Type of measurement error

Cosine error is a type of measurement error caused by the difference between the intended and actual directions in which a measurement is taken. Depending on the type of measurement, it either multiplies or divides the true value by the cosine of the angle between the two directions.

For small angles the resulting error is typically very small, since an angle needs to be relatively large for its cosine to depart significantly from 1.

Approximate error sizes for a few example angles are:
| Angle | Error | |
| 10° | 1.5% | = 1 part in 65 or 66 |
| 1° | 0.015% | = 1 part in 6,600 |
| 0.1° | 0.00015% | = 1 part in 660,000 |
| 0.01° | 0.0000015% | = 1 part in 66,000,000 |

The error is equivalent to treating the hypotenuse and one of the other sides of a right-angled triangle as if they were equal; the cosine of the angle between them is the ratio of their lengths.

==Concept==
A simple example of cosine error is taking a measurement across a rectangle but failing to realize that the line of measurement is not quite parallel with the edges, being slightly diagonal. Rather than measuring the desired vector (in this case, orthogonal width), the instrument is measuring the hypotenuse of a triangle in which the desired vector is in fact one of the legs. The cosine of this triangle correlates to how much error exists in the measurement (hence the name cosine error).
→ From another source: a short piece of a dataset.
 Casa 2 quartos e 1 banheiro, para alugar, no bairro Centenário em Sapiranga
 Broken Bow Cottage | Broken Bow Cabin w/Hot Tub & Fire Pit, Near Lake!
Thus the user might measure a block of metal and come away with a width of 208.92 mm when the true width is 208.91 mm, a difference that matters to the subsequent machining.

==Examples==
Some practical examples in which the potential for cosine error must be considered include:
- The use of an indicator (distance amplifying instrument)
- Laser interferometry
- Speed limit enforcement
  - Lidar traffic enforcement
  - Radar traffic enforcement

==Mitigation==
The longer the length of the instrument, the easier it is to control cosine error. If the instrument is very small, then optical alignment techniques can be used to reduce cosine error.